• _Required action_
Before printing, remove every picture; then print the lines below exactly, from the first line through the line containing "HM Taufik terpilih".

• _Records supplied_
Start of Block

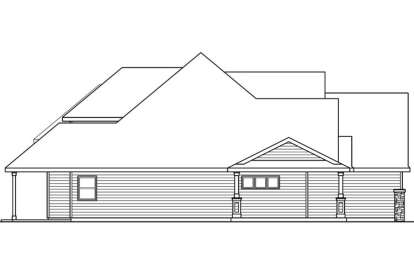 Traditional House Plan #035-00326 Elevation Photo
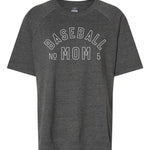 Customizable Sports Mom | French Terry Side Slit Crewneck-Womens - Tops - Tees-Sister Shirts-Sister Shirts, Cute & Custom Tees for Mama & Littles in Trussville, Alabama.
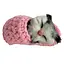 Дитячий антистрес "Котик спить у в'язаній тапочці" Bambi MM418(Pink) - мініатюра 1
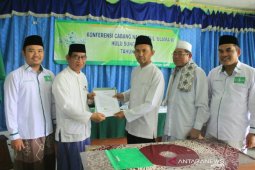 HM Taufik terpilih aklamasi menjadi Ketua Tanfidziyah NU HSU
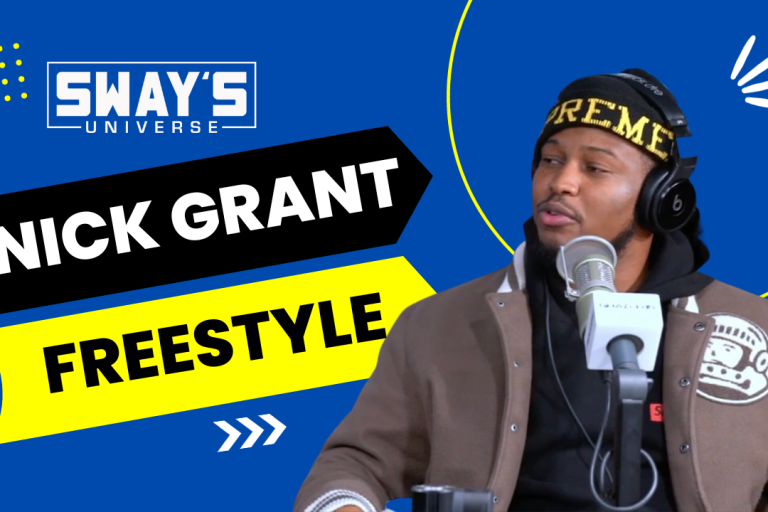 Nick Grant Sway In The Morning Freestyle | SWAY’S UNIVERSE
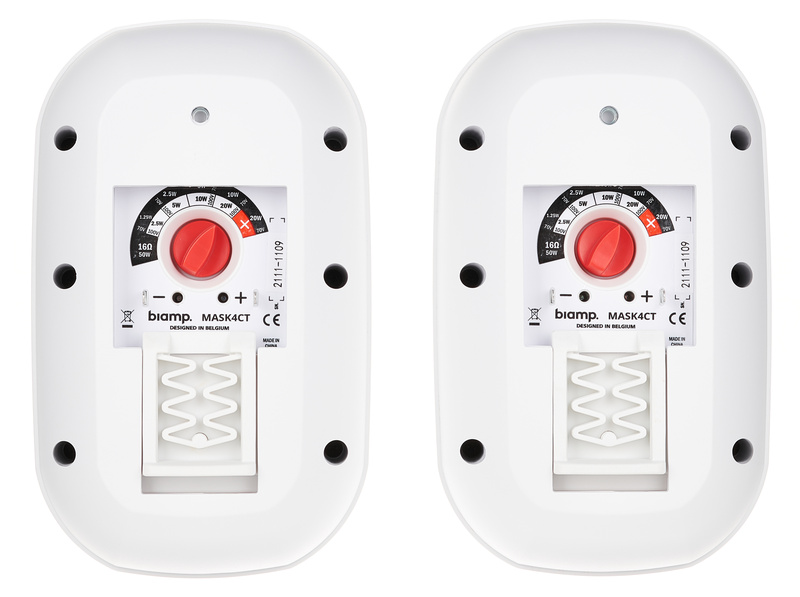Biamp Systems MASK4CT White bianco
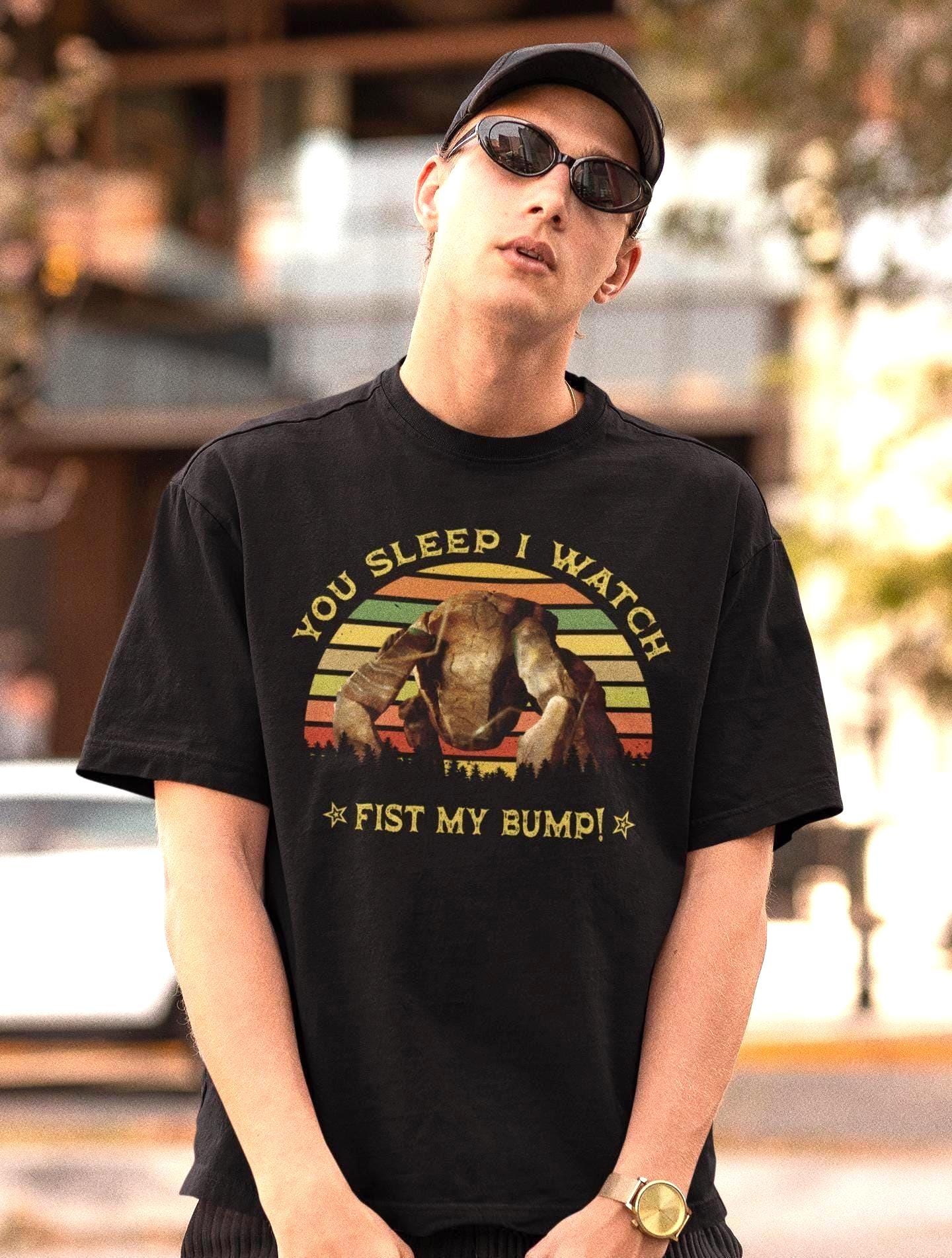 Sleep Watch Fist Bump Project Hail Mary Rocky Tee Unisex T-shirt, Sweatshirt, Hoodie (2)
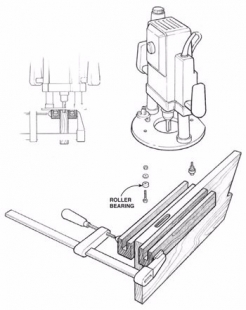 Mortise Centering Jig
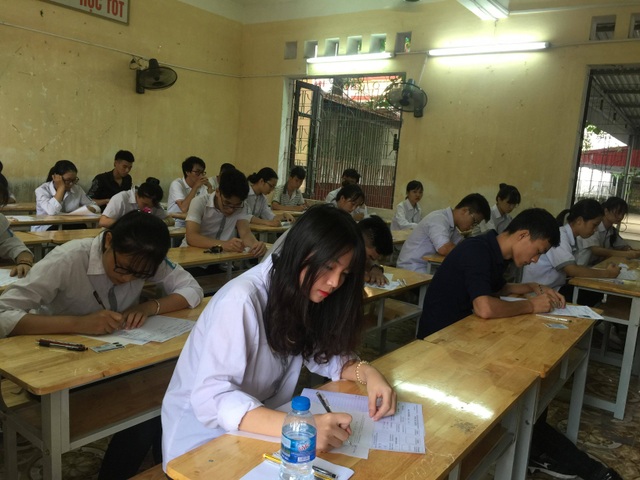 Thí sinh đến sớm, xem lại bài trước môn thi đầu THPT quốc gia 2019 - 9 Thí sinh đến sớm, xem lại bài trước môn thi đầu THPT quốc gia 2019 - 9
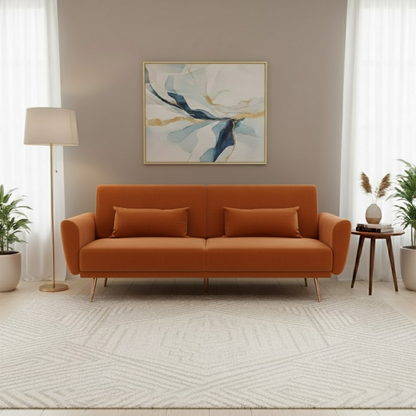 Alfie Velvet Sofa Bed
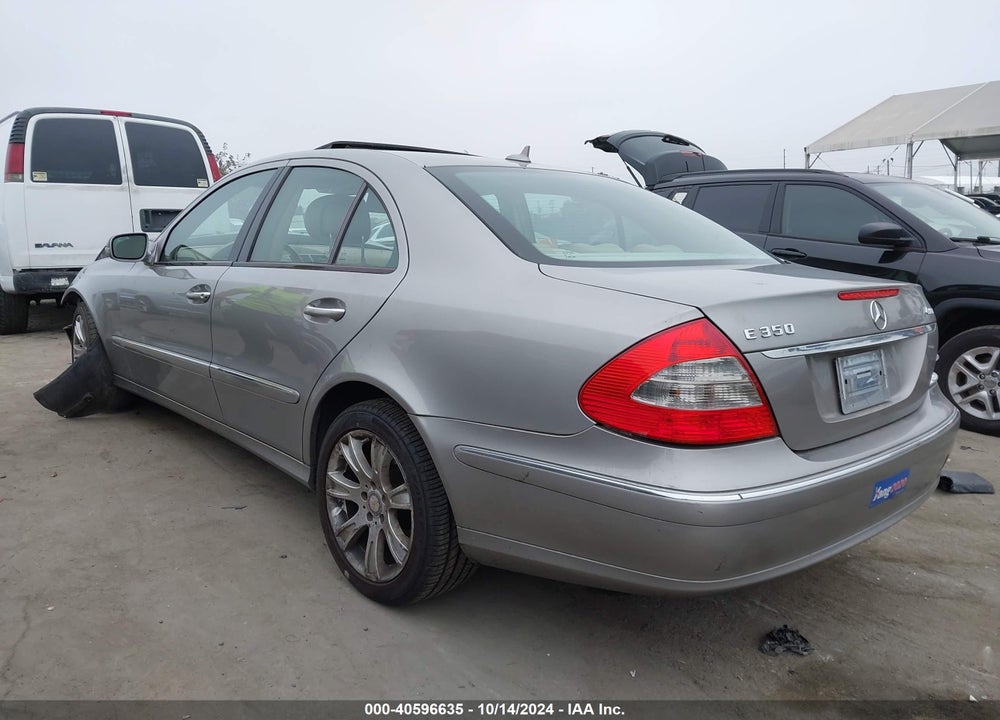 2009 MERCEDES-BENZ E 350 4MATIC VIN: WDBUF87X89B366578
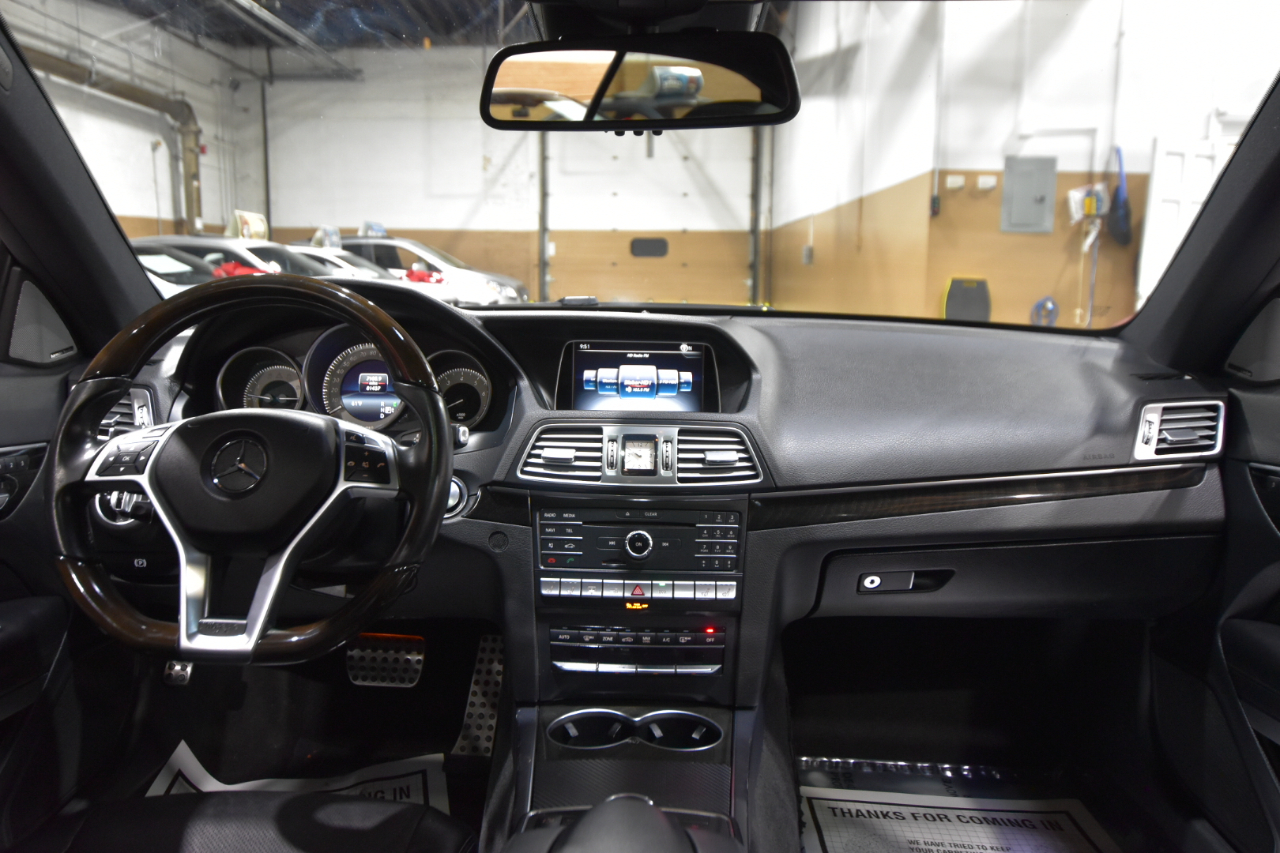 Mercedes-Benz E-Class E 400 4MATIC Coupe 2017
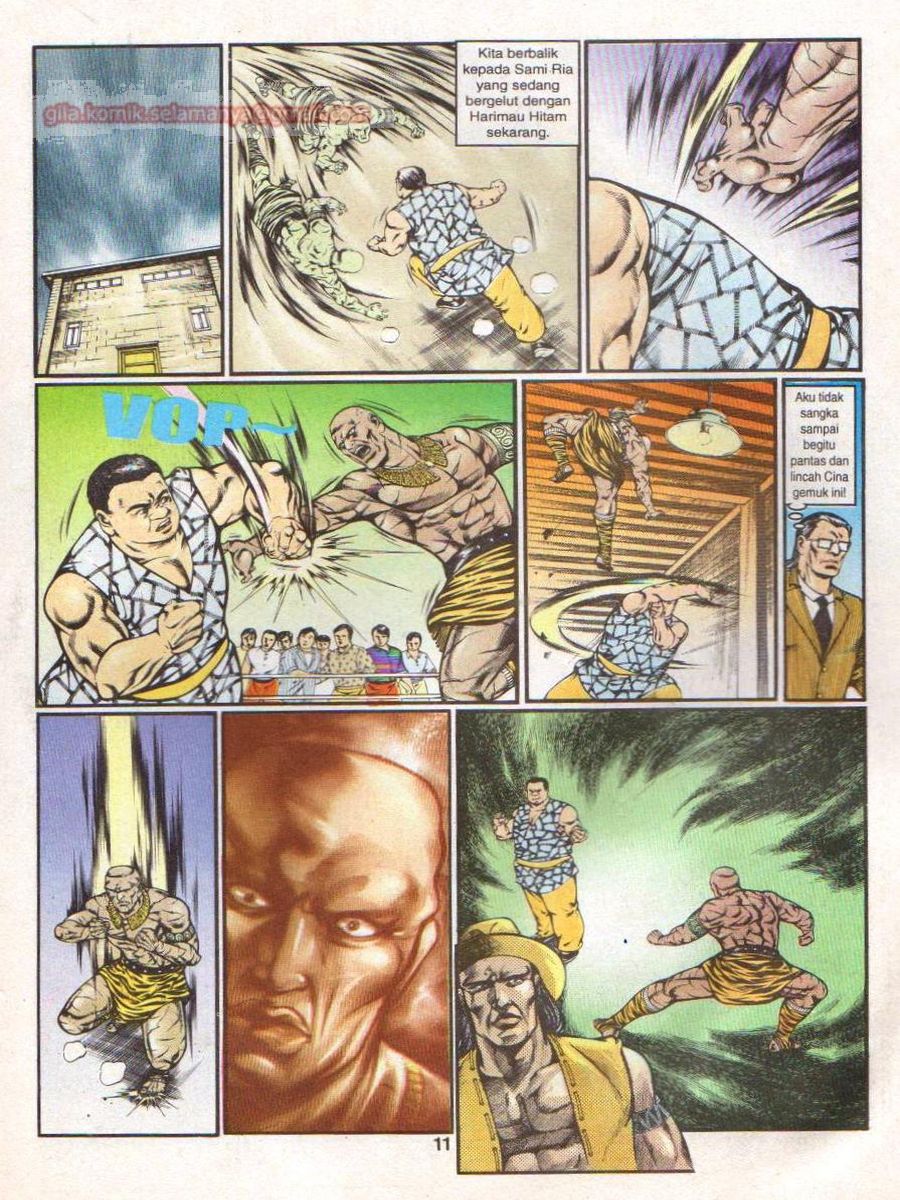 Lingkaran Terkunci: Chapter 087 - Page 10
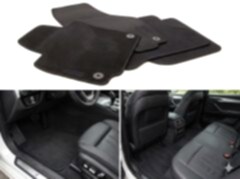 Yaris 2000-2005 Halı Paspas Araca Özel Üretim Yazılı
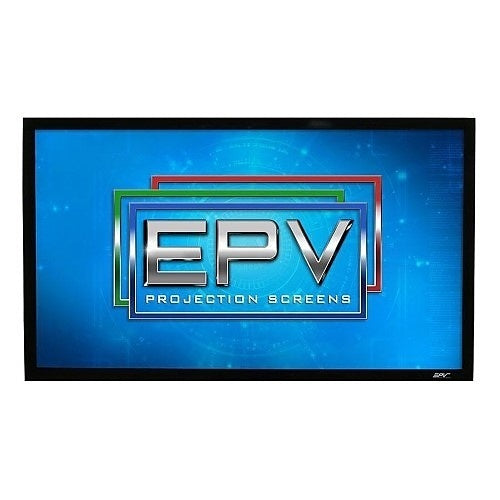 Elite Screens SE180WH1-A4K 180\\" diag. Acoustic Transparent Series Standard Edition A4K Fixed Frame Projection Screen, AcousticPro-4K Surface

End of Block

• _Result below_
 Traditional House Plan #035-00326 Elevation Photo
 Customizable Sports Mom | French Terry Side Slit Crewneck-Womens - Tops - Tees-Sister Shirts-Sister Shirts, Cute & Custom Tees for Mama & Littles in Trussville, Alabama.
 Дитячий антистрес "Котик спить у в'язаній тапочці" Bambi MM418(Pink) - мініатюра 1
 HM Taufik terpilih aklamasi menjadi Ketua Tanfidziyah NU HSU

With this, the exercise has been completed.